Exclude the pictures, then copy all remaining records exactly.

(Scraped caption text data)
────────────────────────────────────────
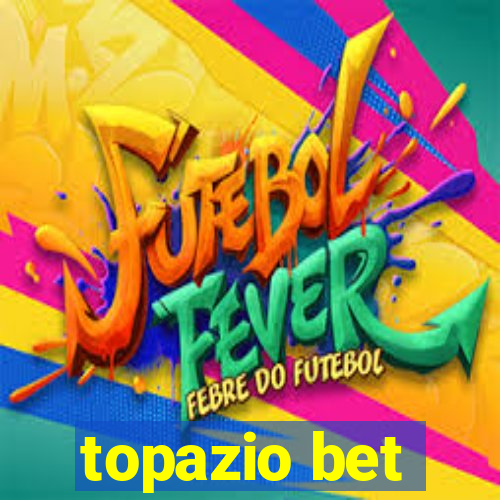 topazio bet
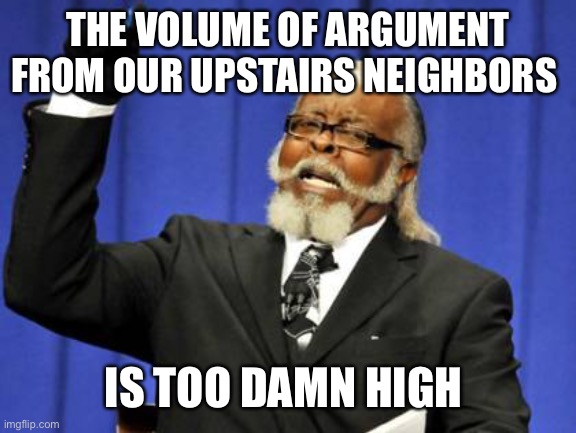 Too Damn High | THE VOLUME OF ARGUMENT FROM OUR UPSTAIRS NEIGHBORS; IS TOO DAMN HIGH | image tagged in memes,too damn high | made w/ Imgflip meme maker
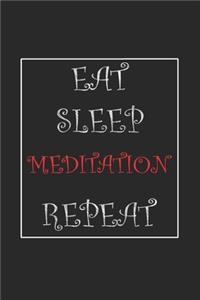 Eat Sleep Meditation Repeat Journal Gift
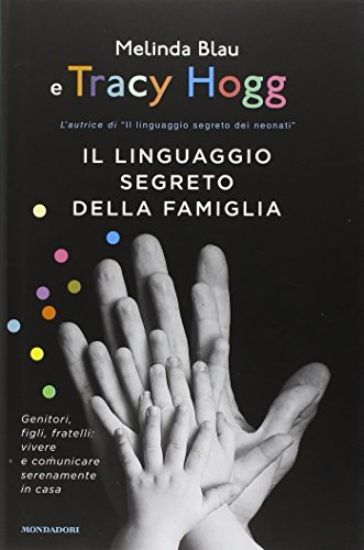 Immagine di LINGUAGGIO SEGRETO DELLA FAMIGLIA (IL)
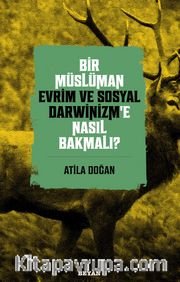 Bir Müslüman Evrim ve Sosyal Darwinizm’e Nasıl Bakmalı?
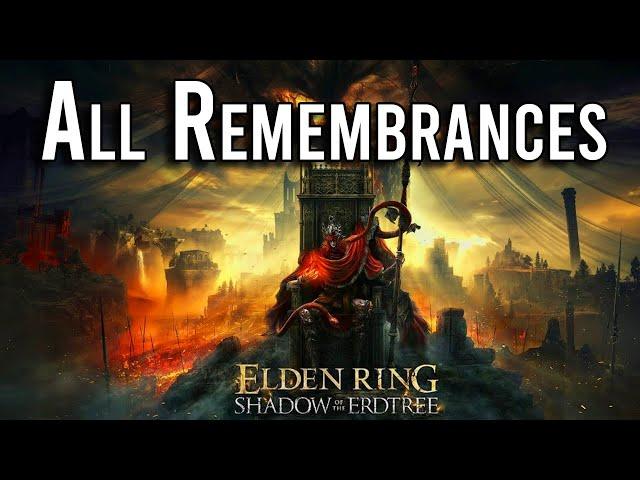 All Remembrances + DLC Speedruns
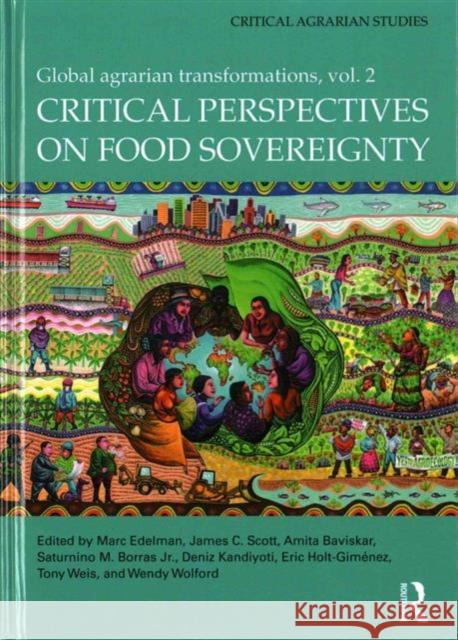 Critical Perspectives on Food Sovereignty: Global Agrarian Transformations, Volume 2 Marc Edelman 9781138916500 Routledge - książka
────────────────────────────────────────
Reply to the task
 topazio bet
 Too Damn High | THE VOLUME OF ARGUMENT FROM OUR UPSTAIRS NEIGHBORS; IS TOO DAMN HIGH | image tagged in memes,too damn high | made w/ Imgflip meme maker
 Eat Sleep Meditation Repeat Journal Gift
 Immagine di LINGUAGGIO SEGRETO DELLA FAMIGLIA (IL)
 Bir Müslüman Evrim ve Sosyal Darwinizm’e Nasıl Bakmalı?
 All Remembrances + DLC Speedruns
 Critical Perspectives on Food Sovereignty: Global Agrarian Transformations, Volume 2 Marc Edelman 9781138916500 Routledge - książka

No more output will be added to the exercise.